In the 1980s it was competitive cocaine insufflation. This may be an improvement.


There’s been a lot of psychedelics in Silicon Valley for decades now. Back in the day I bet it had a pretty significant positive impact on the grey beards who built the place, but now that it’s being used by the money guys with big egos who came to exploit the place, it’s probably pretty detrimental. Ram Dass warned everyone about this. If you go through the doors of perception with your ego you lose your damn mind. I think a lot of the anti-democratic tech bro behavior we’re seeing is a result of this.


That’s an aspect I hadn’t thought about. It really does seem like a bunch of these folks have gotten into some kind of crazy messianic world savior ego trip. Hadn’t considered the psychedelics plus ego angle yet in exactly that way.


Part of that may be drugs, but my guess is that its a minor one. The messianic savior ego trip behavior is probably more because the type of person who would be prone to narcissistic hubris is now entering tech because that's where all the money and power is. Whereas in the early days, this wasn't so clear. So now we have all these tech-bros where we used to have tech-nerds.


Very interesting to consider, and there's probably some truth here. Correlating "rich person behavior" with the drug of choice in various decades certainly feels right, though I'm not sure you can actually draw a causal link.

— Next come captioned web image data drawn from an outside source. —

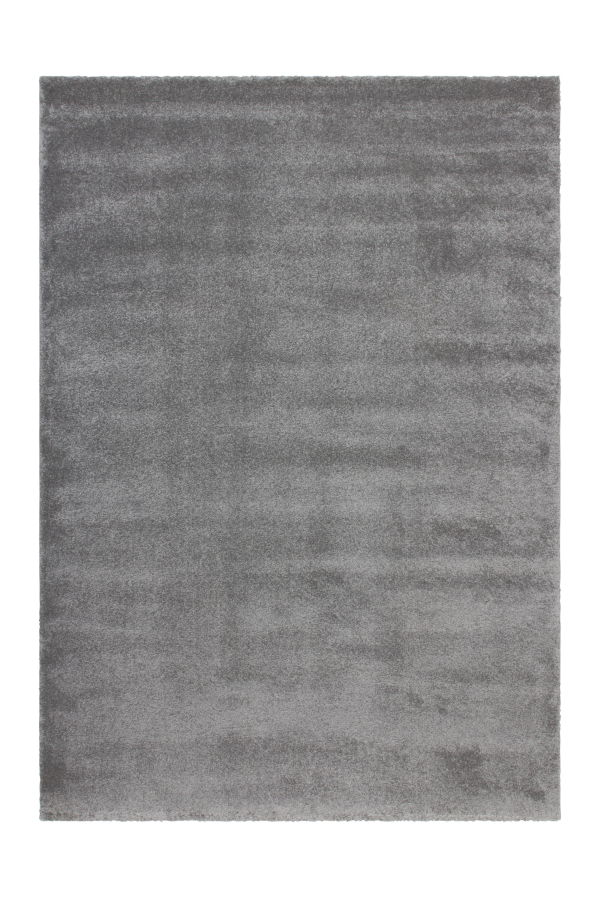 Softtouch 700 Affordable Soft Thick Plain Silver Rug - Lalee Designer Rugs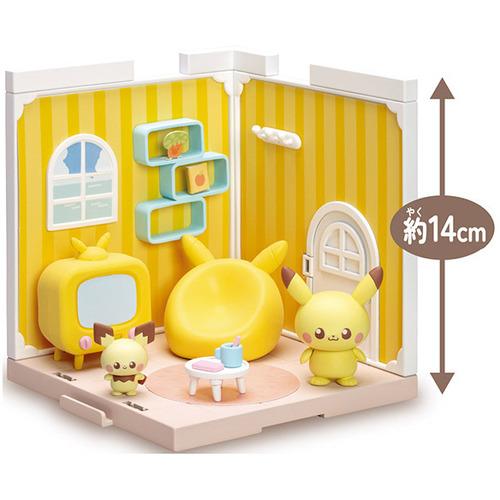 タカラトミー ポケモン ポケピースハウス リビング ピカチュウ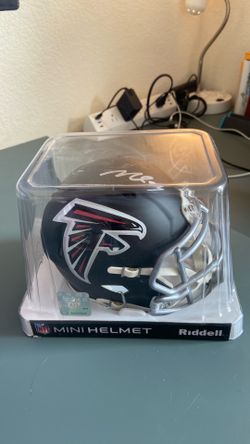 Michael Vick Signed Mini Helmet - Beckett COA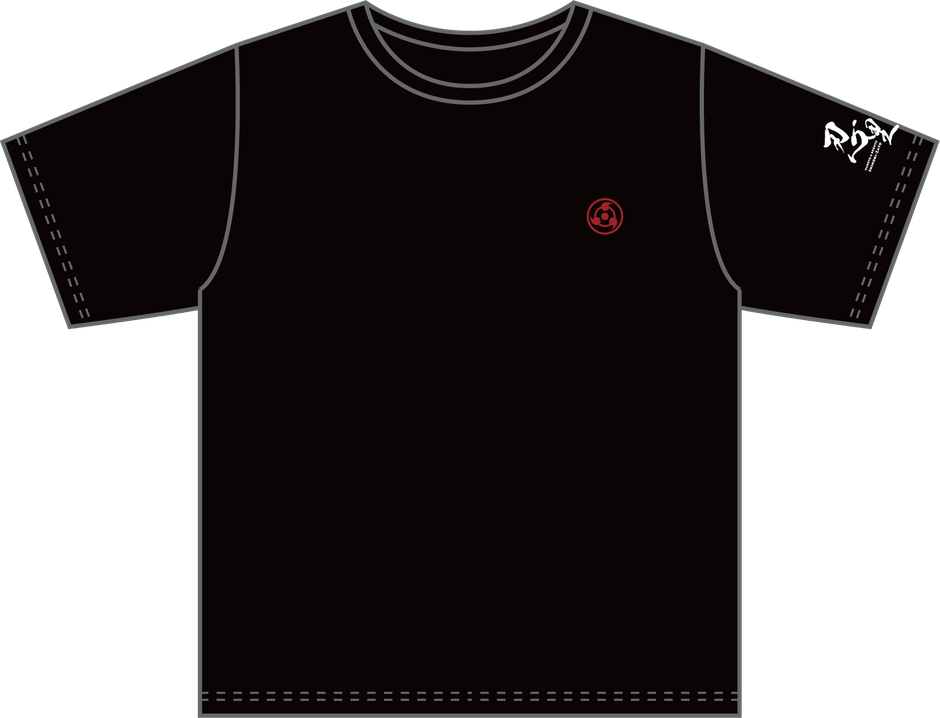 ▲SHINOBIZATO+ うちは家紋Tシャツ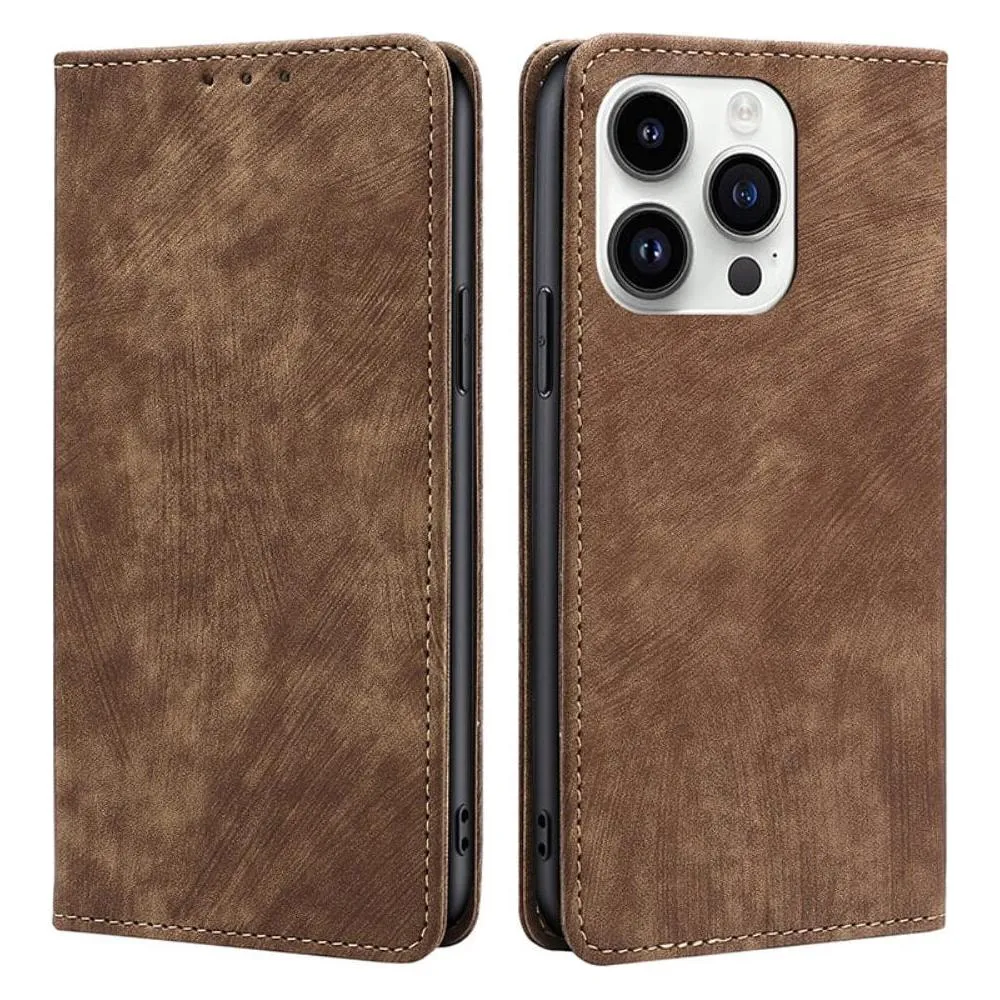 Cover-Discount iPhone 15 Pro - Hülle mit RFID Blocker braun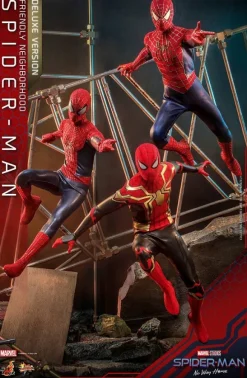 1/6 Movie Masterpiece - Fully Poseable Figure: Spider-Man: No Way Home - Friendly Neighborhood Spider-Man (Deluxe Version)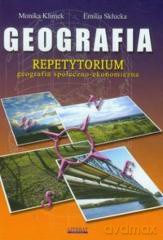 Repetytorium Geografia - Geografia społeczno - ekonomiczna (twarda) [KSIĄŻKA]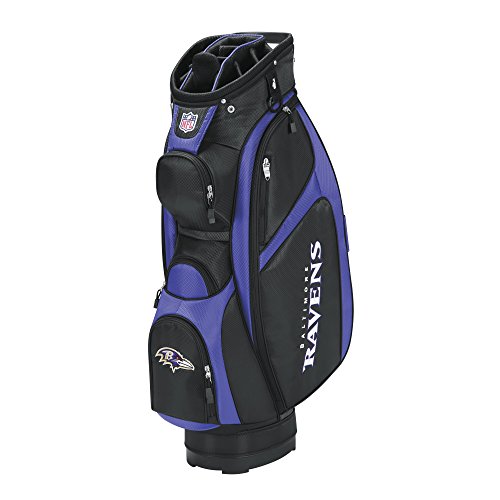 Algopix Similar Product 17 - Wilson NFL Baltimore Ravens Golf Carry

One thing that's incorrect is that modern billionaires are more altruistic than their historical predecessors, and less likely to engage in conspicuous consumption. That's quite incorrect. Musk and Bezos own plenty of yachts.

Modern billionaires also seem far less interested in donating to the general public good "out the door"... the trend these days is to form massive foundations for tax purposes, but still hold the reins pretty tightly to make sure we don't just do something as simple as building a public library or something that might let the money end up in the hands of the undeserving.

And the counterexamples are also counterexamples to the pattern in the article... Gates gives a lot of money away, for example, but he's also not the poster boy for T supplementation and aggressive business practices at this point.


This piece makes a lot of assumptions.

> We don’t know what keeping moderately elevated testosterone levels does to someone, and my guess is that on net it’s positive.

TRT has wild side effects, including gynecomastia and shrinking of the testes.


The side-effects on fertility are fairly obvious and not that interesting, IMO. Naturally side-stepping your body and giving it stuff it should be making for free makes your body go "well, I'm gonna stop making that".

What is interesting to me is that other effects high testosterone has. High testosterone is not just magically better, otherwise we'd all have much higher levels out the gate. There's down sides. It's hard on your heart and blood vessels.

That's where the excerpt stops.